Bajwa, 30, of Ithaca, spent an hour and a half discussing commonly held stereotypes about Islam and Muslims.
Those stereotypes have little to do with Islamic theology, describing just a small percentage of Muslims who are extremists, he said.
Bajwa, a Muslim who moved from Pakistan to Endicott in Tompkins County when he was 3, is the director of outreach for the Middle Eastern Studies department at Cornell University. Bajwa has a bachelor’s in English from SUNY Binghamton and holds master’s degrees in communications and Eastern studies with a concentration in Islamic studies from Cornell University.
The idea of Bajwa speaking at Homer about Islam, which is part of the global studies curriculum, has upset some parents and community residents over the last five months, causing the school to postpone the talk from late October until Tuesday, but students interviewed after the assembly said they were glad Bajwa came to the school.
Early on in Bajwa’s presentation, he showed common images in the news media portraying Muslims.

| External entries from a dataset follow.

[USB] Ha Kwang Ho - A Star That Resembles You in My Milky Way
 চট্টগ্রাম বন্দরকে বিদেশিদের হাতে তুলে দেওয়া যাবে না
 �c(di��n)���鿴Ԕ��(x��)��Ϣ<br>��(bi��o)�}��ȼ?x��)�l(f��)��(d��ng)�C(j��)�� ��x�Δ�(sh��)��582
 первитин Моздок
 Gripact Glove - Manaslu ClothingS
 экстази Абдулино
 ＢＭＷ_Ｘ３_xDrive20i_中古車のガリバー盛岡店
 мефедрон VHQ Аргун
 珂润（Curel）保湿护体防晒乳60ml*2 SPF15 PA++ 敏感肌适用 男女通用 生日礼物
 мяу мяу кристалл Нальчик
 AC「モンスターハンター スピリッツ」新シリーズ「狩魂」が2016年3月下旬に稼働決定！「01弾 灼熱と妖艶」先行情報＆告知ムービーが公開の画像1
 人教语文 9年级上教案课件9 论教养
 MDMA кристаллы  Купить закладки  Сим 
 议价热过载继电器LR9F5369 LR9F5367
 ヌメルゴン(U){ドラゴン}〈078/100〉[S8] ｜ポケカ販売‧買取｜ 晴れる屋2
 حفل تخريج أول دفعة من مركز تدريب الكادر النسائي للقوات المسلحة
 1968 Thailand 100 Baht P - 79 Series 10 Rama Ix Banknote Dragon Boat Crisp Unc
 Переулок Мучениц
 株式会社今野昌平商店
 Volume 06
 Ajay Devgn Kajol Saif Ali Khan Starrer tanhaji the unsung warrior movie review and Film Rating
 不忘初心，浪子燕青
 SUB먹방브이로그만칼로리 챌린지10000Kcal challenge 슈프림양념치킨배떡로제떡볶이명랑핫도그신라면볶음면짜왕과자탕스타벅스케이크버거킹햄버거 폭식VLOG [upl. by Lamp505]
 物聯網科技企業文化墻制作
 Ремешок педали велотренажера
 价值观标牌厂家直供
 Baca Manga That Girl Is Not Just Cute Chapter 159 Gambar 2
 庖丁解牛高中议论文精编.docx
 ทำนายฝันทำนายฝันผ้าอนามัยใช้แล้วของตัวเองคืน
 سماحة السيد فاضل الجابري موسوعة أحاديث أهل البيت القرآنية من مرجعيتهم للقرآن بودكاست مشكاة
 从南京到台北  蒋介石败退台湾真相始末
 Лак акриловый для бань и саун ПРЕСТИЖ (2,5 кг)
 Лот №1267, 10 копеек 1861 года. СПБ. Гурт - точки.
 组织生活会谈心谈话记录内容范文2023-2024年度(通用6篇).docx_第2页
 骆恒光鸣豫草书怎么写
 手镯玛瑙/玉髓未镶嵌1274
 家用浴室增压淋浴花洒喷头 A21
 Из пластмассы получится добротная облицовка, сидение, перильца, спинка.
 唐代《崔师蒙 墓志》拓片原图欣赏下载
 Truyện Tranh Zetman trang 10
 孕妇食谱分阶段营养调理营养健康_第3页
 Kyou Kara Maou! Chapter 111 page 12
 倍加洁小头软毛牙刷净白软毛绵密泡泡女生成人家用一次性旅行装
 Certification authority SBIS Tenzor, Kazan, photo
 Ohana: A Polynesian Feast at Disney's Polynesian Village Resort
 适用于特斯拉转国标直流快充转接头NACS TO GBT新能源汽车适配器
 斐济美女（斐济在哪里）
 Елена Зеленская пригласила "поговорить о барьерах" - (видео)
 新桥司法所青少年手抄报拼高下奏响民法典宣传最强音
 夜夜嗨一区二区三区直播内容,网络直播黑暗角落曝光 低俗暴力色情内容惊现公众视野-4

One of those images is of Osama Bin Laden, the mastermind behind the Sept. 11 attacks, staring blankly at the camera. He is wearing a turban, has a long beard and dark skin and has a machine gun.
“He symbolizes sort of the archetypical Muslim,” Bajwa said. “He’s the face of Islam for many people around the world.”
But in truth, Bajwa said, Bin Laden only represents 0.1 percent of the Muslim population. Islamic theology does not preach violence, he said, but doing what God wants.
As in Christianity and Judaism, two other monotheistic religions, God wants people to live humbly, help others and give to charity,_he said.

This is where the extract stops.